在同一個案發現場出現兩名死亡時間不同的死者,要麼就是有預謀的連環行兇,要麼就是兇手毀屍滅跡時被撞見才又起歹意。

兇手很有可能是同一人!帶她來客棧的人嫌疑很大!只是現在,完全不知道是誰帶她來的,移屍的痕跡也被抹除了。

“這,該不會無法偵破了?”突然一衙役像是想到了什麼,反應過來,“不對啊大人!您還記得張進衣服裡那把鑰匙嗎。”

“會不會他偷走了邸店裡的鑰匙,用這把鑰匙開門藏屍!所以謀害吳雙的還是張進,謀害張進的人也許是為吳雙報仇!”

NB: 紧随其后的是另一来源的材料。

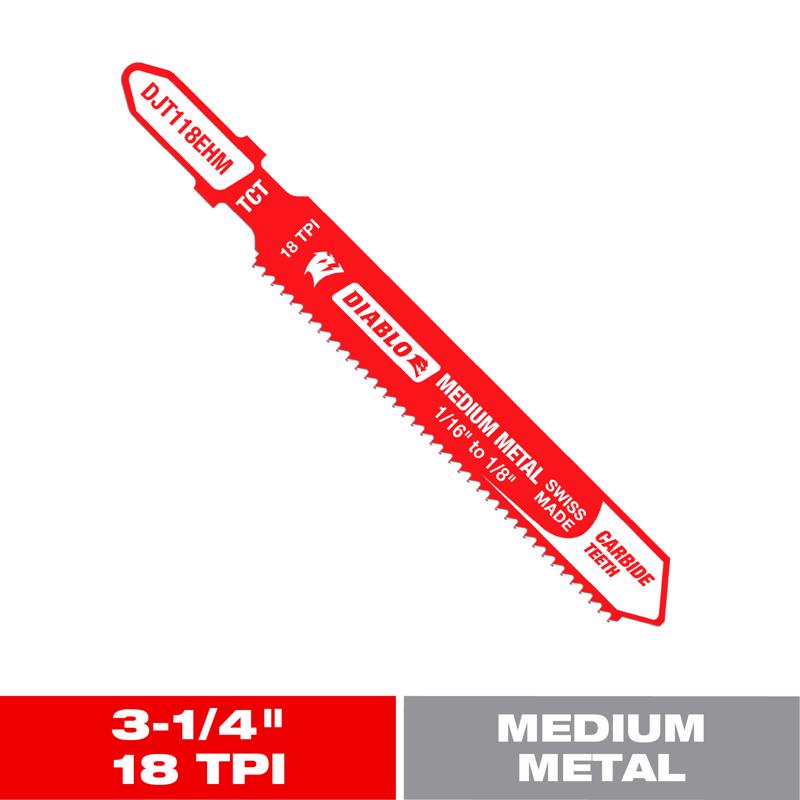 Diablo 3-1/4 in. Carbide T-Shank Medium Metal Jig Saw Blade 18 TPI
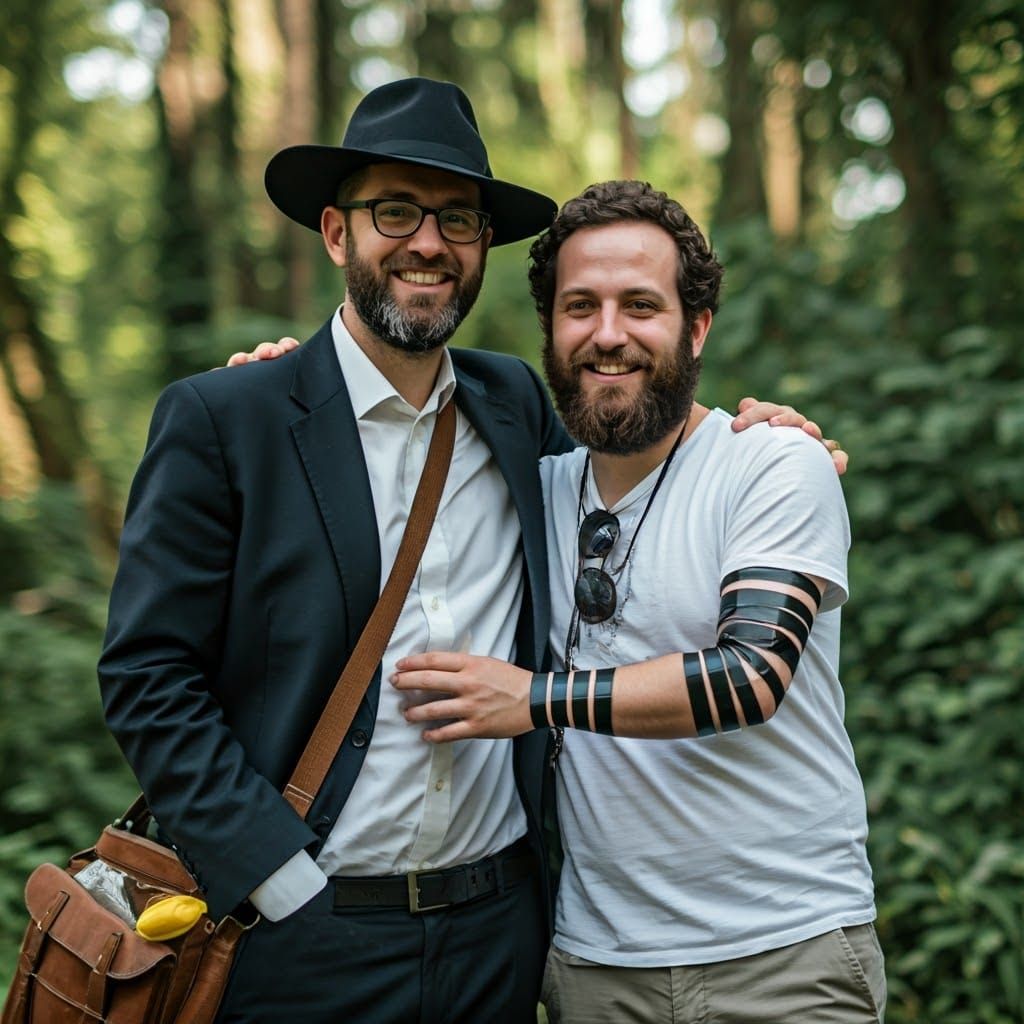 Men Smiling Together in Fantasy Concept Art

範子遇和知府都同時愣了一下,覺得他說的很有道理,怎麼就忘記了那把鑰匙呢!

剛想盤問,掌櫃卻先急了,已經和剛才給出提醒的衙役吵了起來。

“不管到底是誰謀害了誰,總之不可能從店裡偷走鑰匙!”

“店裡的人如果與之裡應外合,並非不可能”

“簡直胡說八道!你這是在損害我們商旅客棧的名聲,這家店是趙成遠開的,名門之後開的店裡哪裡會做行兇越貨的勾當!”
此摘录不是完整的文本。